Par ailleurs, les chiffres nous disent que la disponibilité du texte biblique en format digital a augmenté la lecture de la Bible mais cela a généralement conduit à une mémorisation pauvre de textes et une compréhension minime de ceux-ci.
Les sujets de l’enquête ont dit ce qui suit à ce sujet : « Probablement que j’ai lu la Bible plus mais probablement moins profondément ».
Ajoutons à cela que la lecture de la Bible en format digital est accompagnée d’une connexion nécessaire à Internet, ce qui suppose que les usagers échangent souvent les écrans à mesure que leur téléphone interrompt la lecture avec des notifications ou la simple anxiété qui suppose d’être connecté fait que l’attention est portée souvent d’un écran à un autre.
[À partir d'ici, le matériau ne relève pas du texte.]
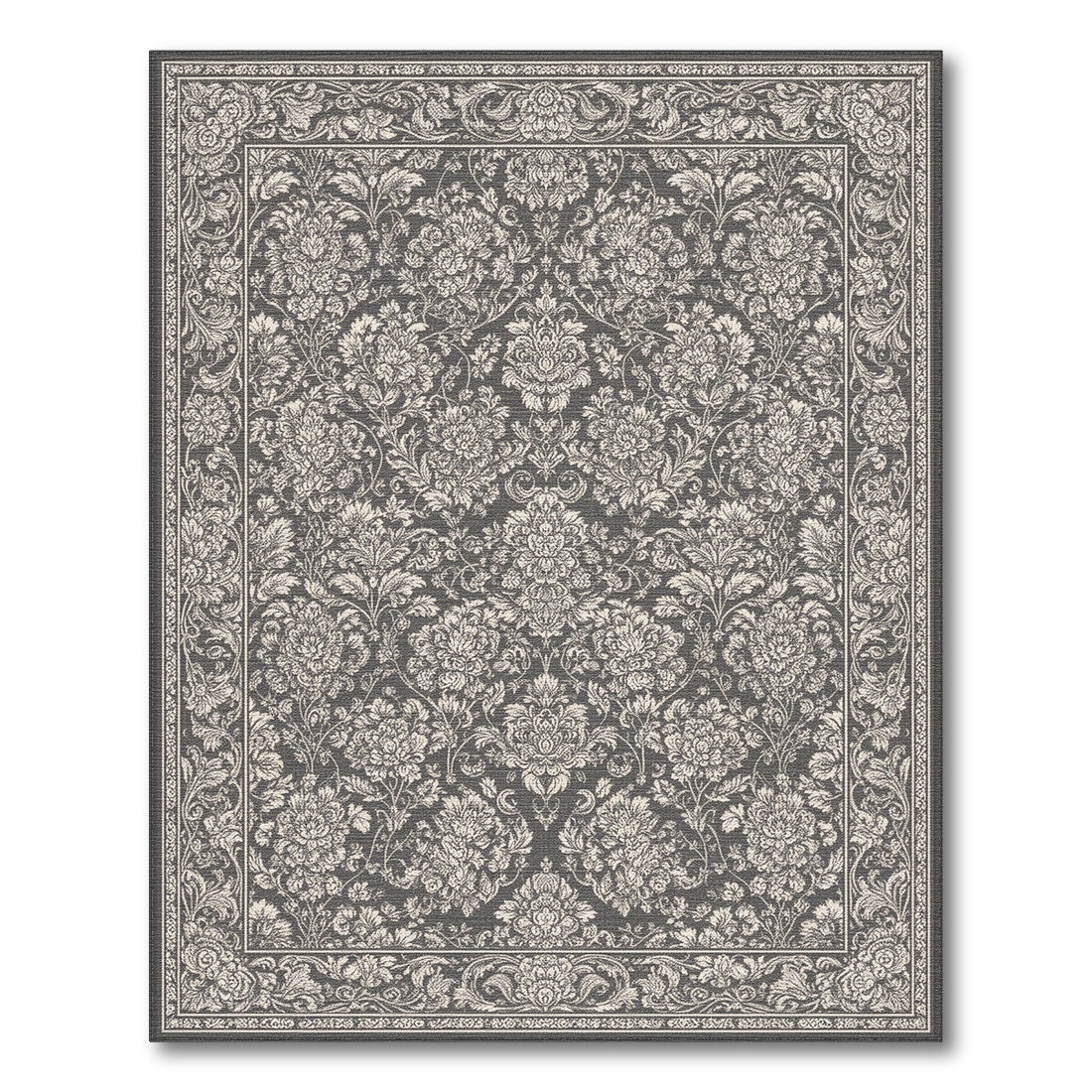 Black White Floral Vintage Area Rug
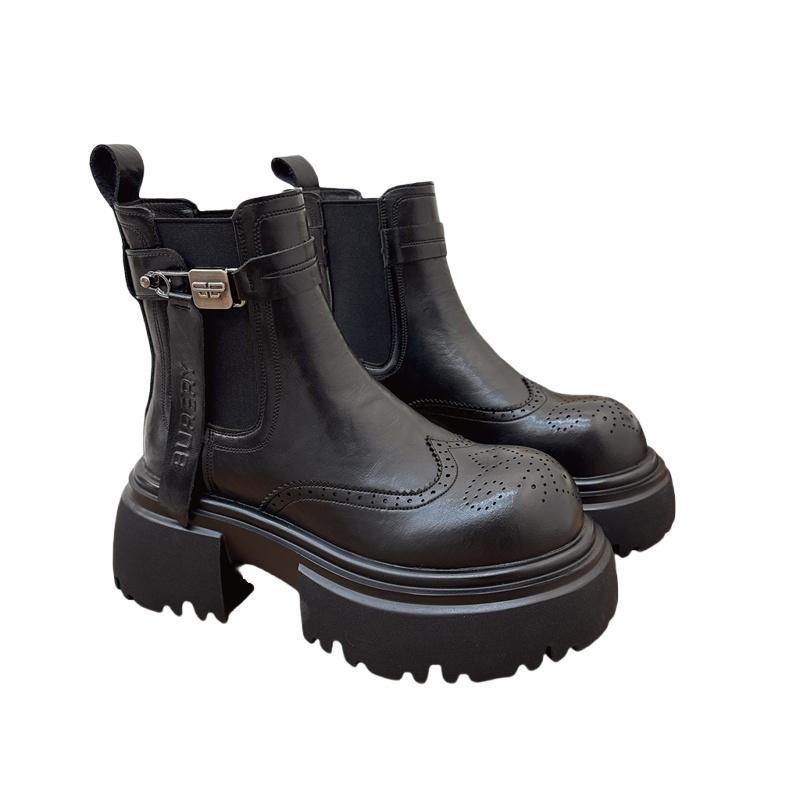 European Station Platform Sleeve Retro Thick Heel British Style Women's Boots 2025 Autumn and Winter New Velvet Heightening Martin Boots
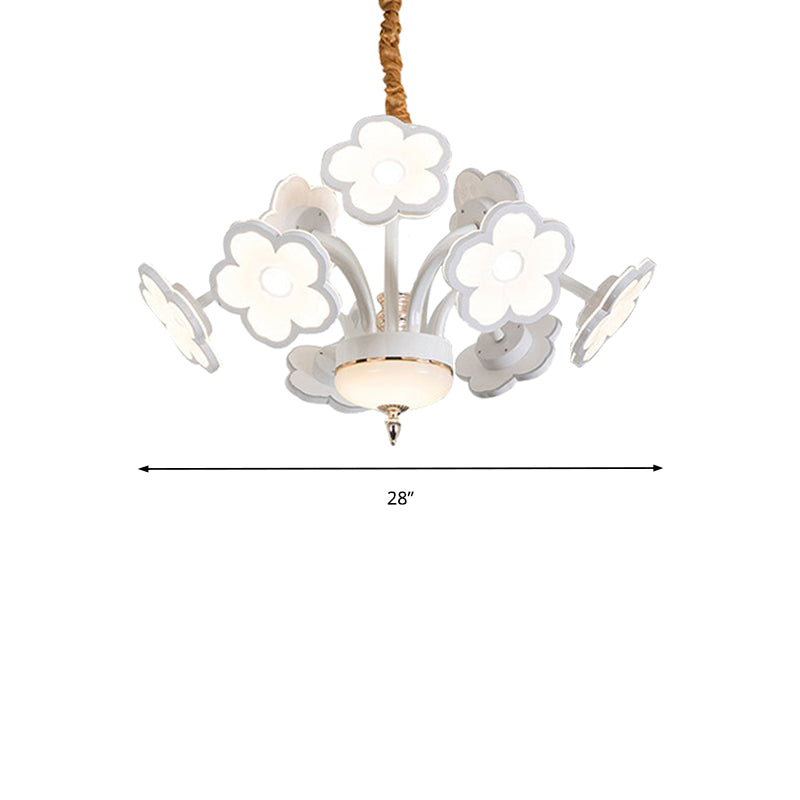 6/8/9/12-Light Led White Floral Chandelier: Modern Acrylic Shade Hanging Lamp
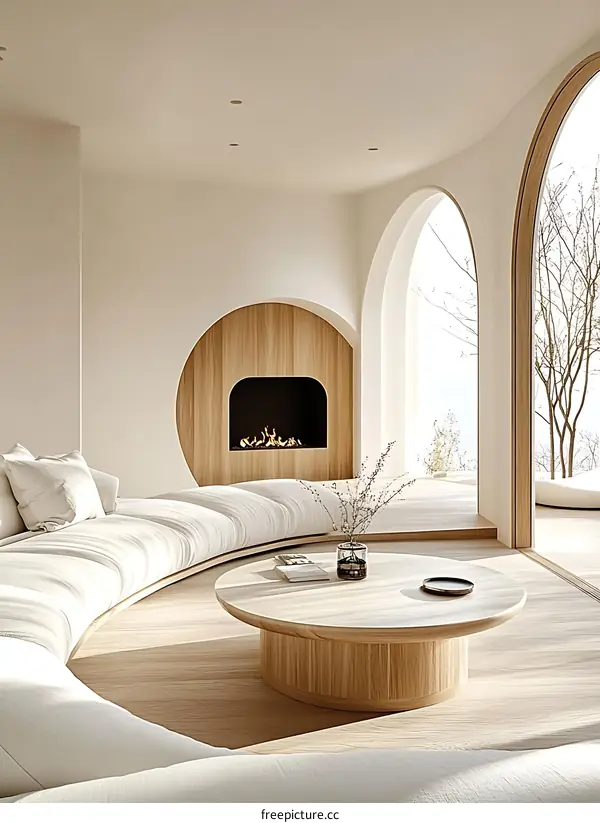 Modern Minimalist Living Room Design with Natural Materials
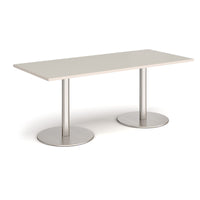 Monza rectangular dining table with flat round bases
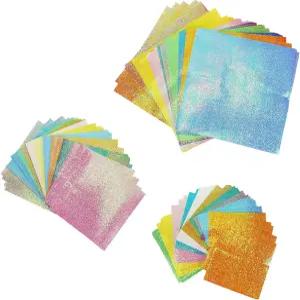 WDONAY 150매 반짝이는 종이접기 종이 혼합 색상 글리터 사각형 접이식 DIY 컷 공예 파티 장식 (2.76 3.94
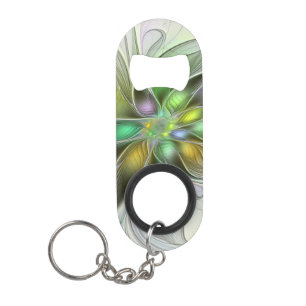 Colorful Fantasy Flower Modern Abstract Fractal Mini Flessenopener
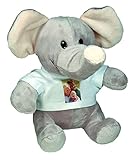 Stofftier Elefant mit persönlichem Foto zum selbst gestalten (kuschliger Grauer Plüsch, weißes T-Shirt mit individuellem Foto Bedruckt, Thermo-Sublimationsdruck,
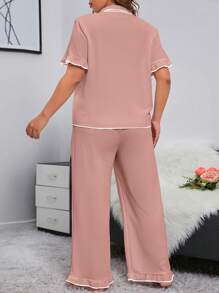 加大对比色绑带纽扣前睡衣套装/睡衣套装女士睡衣套装女士睡衣曲线睡衣 - 藕粉色 - 查看 2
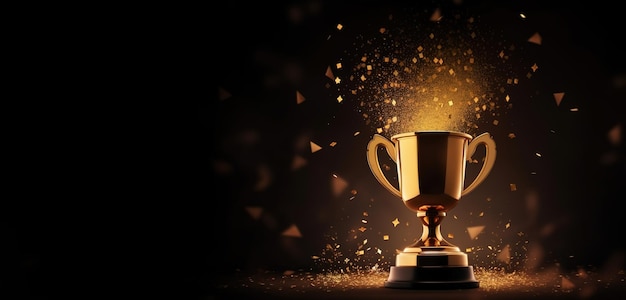 Generative AI Winner trophy with flames golden champion cup with falling confetti on dark background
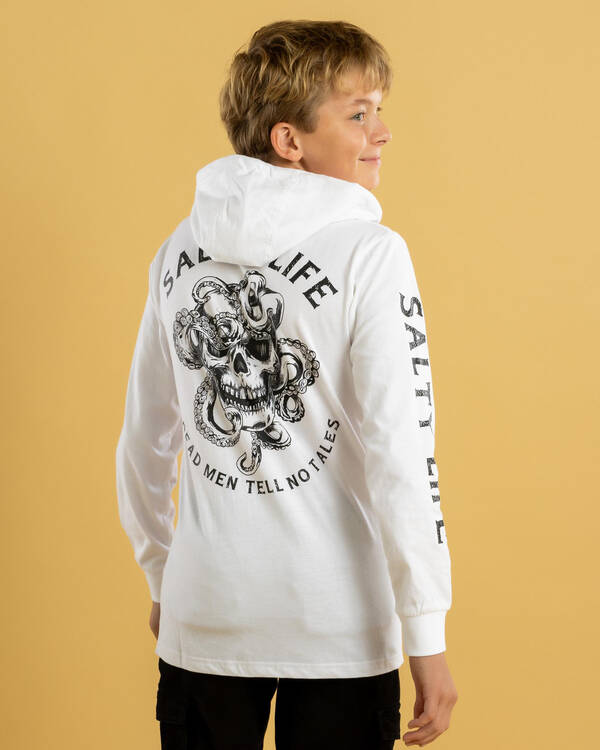 Salty Life Boys' Seafarer Hooded Long Sleeve T-Shirt for Mens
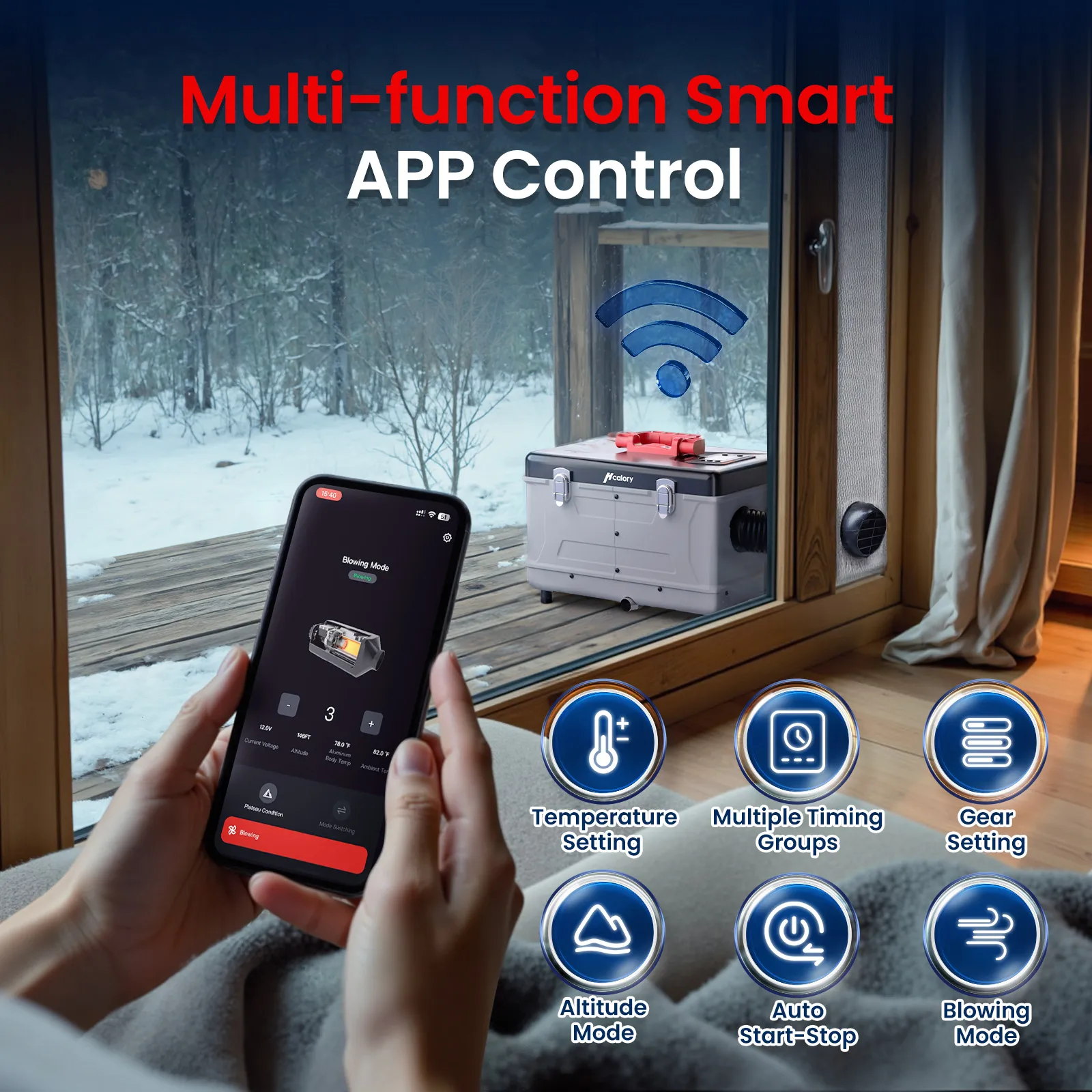 Hcalory 5-8KW Diesel Heater Portable Diesel Air Heater DC12V/24V & AC240V All in One Fast Heating with App Smart Control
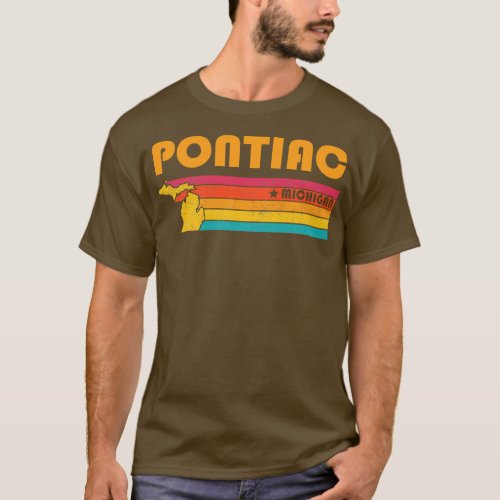 Pontiac Michigan Vintage Distressed Souvenir T_Shirt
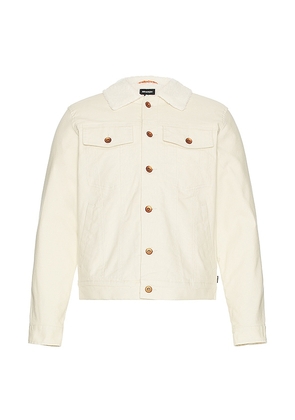 Brixton Builders Cable Stretch Sherpa Lined Trucker Jacket in Cream. Size S, XL.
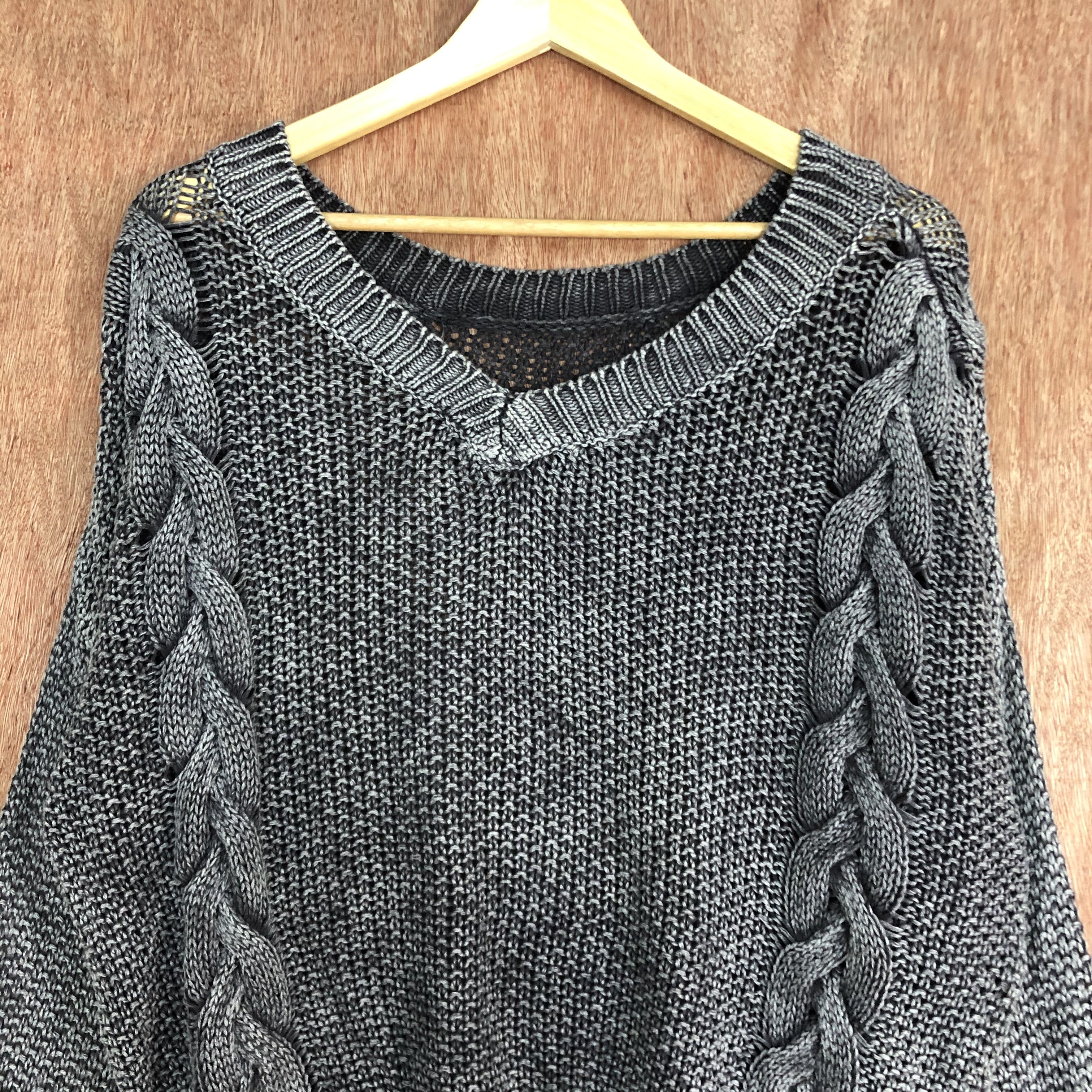 Faded Glory DL Gyda Grey Faded style crochet cable Knitwear #c551 Size M / US 6-8 / IT 42-44 - 9 Thumbnail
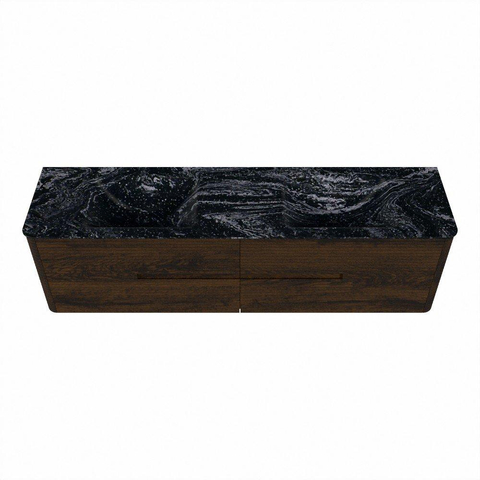 Mondiaz CIRO-DLUX Meuble de salle de bains - 180x45x50cm - plan-vasque Solid surface Lava - 2 vasques Double - sans trous de robinet - 4 tiroirs - Noyer SW1530126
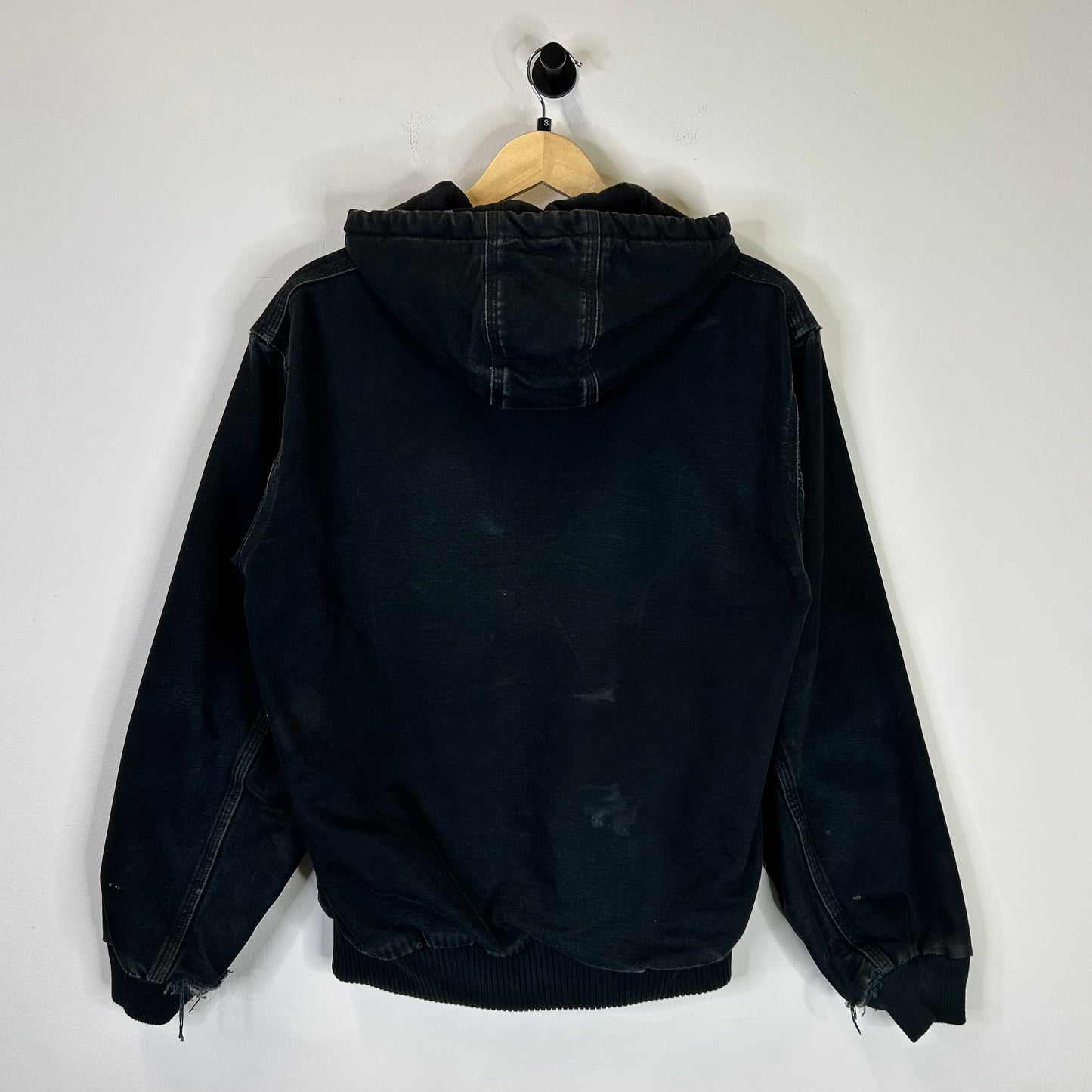 CARHARTT BLACK DISTRESSED HOODED JACKET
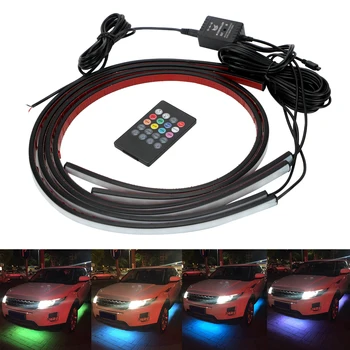 Blikajúce 4x8 Farieb RGB Auto Atmosféru Lampa LED Náladu Okolitého Svetla, Dvere Spodnej Dekorácie Bezdrôtový Zvukový Senzor, Auto Príslušenstvo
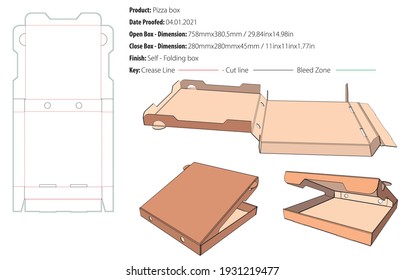 Pizza box small packaging template self lock die cut-vector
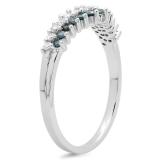 0.35 Carat (ctw) 10K White Gold Round White & Blue Diamond Ladies Wedding Stackable Band Anniversary Chevron Ring 1/3 CT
Facebook, Twitter, Instagram, WhatsApp, Email, etc., se font compétition avec l’app de la Bible en ce qui concerne l’attention.
Il faut aussi tenir compte de la multitâches et du multi-écrans. Il est banal que les usagers ouvrent plusieurs fenêtres en même temps et réalisent des tâches parallèles. De fait, il est possible qu’ils écoutent ou vient plusieurs choses en même temps ou bien qu’ils travaillent en même temps, notamment sur ordinateur.
Finalement, nous ne pouvons oublier le fait que la capacité d’abstraction se réduit progressivement à mesure qu’existent plus de choses qui sont en compétition pour attirer notre attention, notamment sur nos mobiles.
Il vaut donc la peine de se poser la question de savoir si de temps en temps, il ne faut pas éteindre les écrans de nos mobiles ou déconnecter le routeur d’Internet pour lire la Parole de Dieu avec profondeur, que c’e soit sur un dispositif ou sur la Bible de papier afin d’avoir une lecture profonde et profitable, mémoriser la Parole de Dieu et réfléchir profondément sur ce qu’on lit.
Paradoxalement ? plus la lecture obtient davantage notre attention, plus notre forme de lecture ressemble à celle de l’ère pré-alphabétisée, c’est-à-dire que nous lisons de petites fractions de textes et nous avons aussi besoin qu’on nous illustre toujours plus pour pouvoir les comprendre. Nous lisons plus mais nous perdons la capacité d’avoir une lecture soutenue, logique et cohérente de la Bible.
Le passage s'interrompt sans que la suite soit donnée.